> Task description
Please copy only the material from the line that has "Crystals and CD Icon Ring" to the very last line, both ends included, exactly as written and without pictures.

> Given data
=====
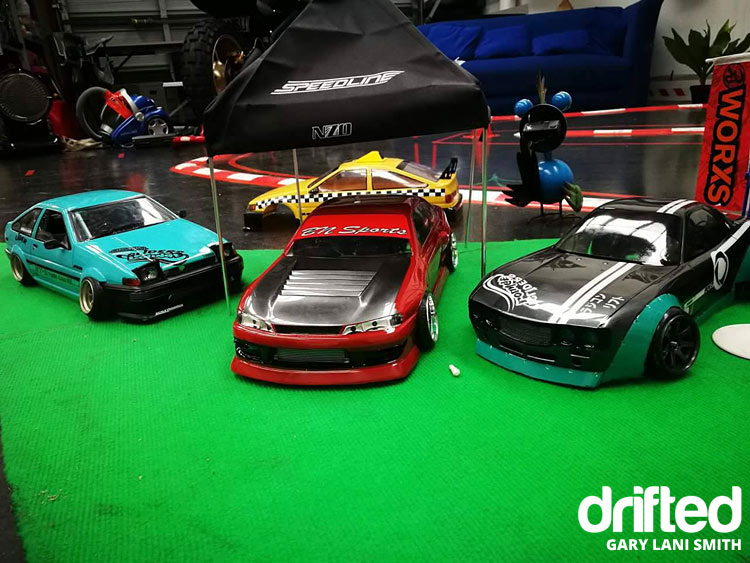 building rc drift car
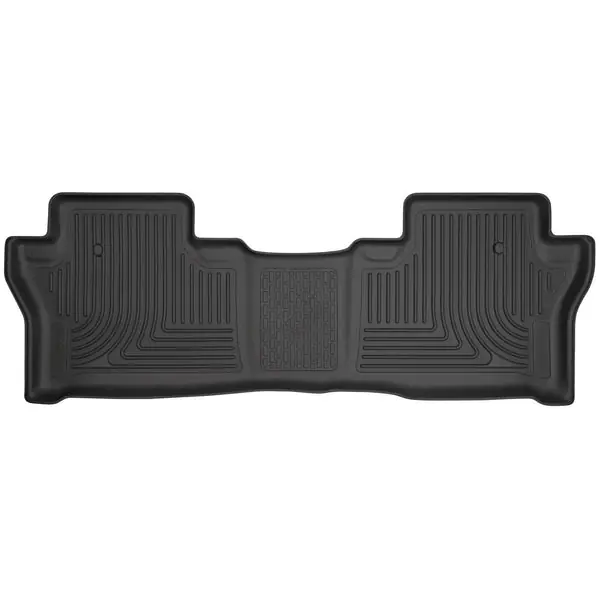 Husky Liners 2016 Honda Pilot WeatherBeater 2nd Row Black Floor Liners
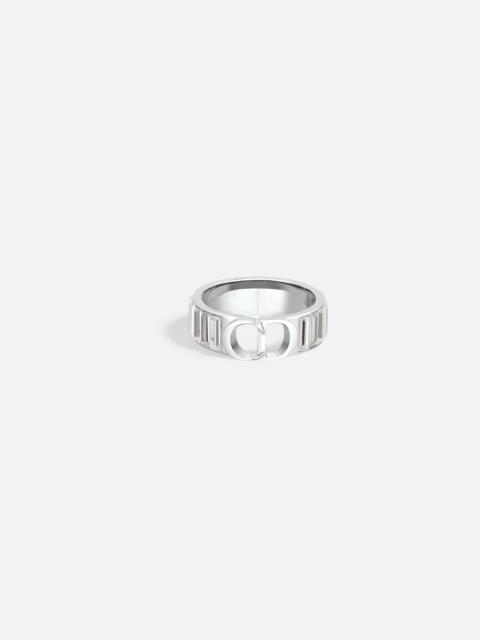 Crystals and CD Icon Ring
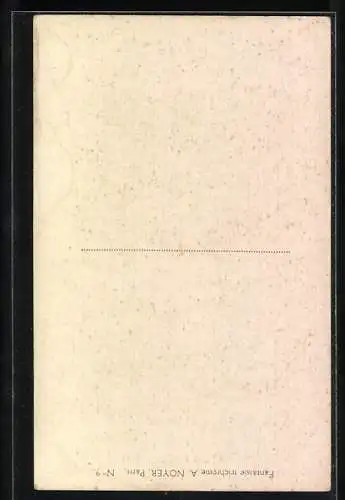 AK Französischer Infanteriesoldat, Portrait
=====
> Response to the exercise
 Crystals and CD Icon Ring
 AK Französischer Infanteriesoldat, Portrait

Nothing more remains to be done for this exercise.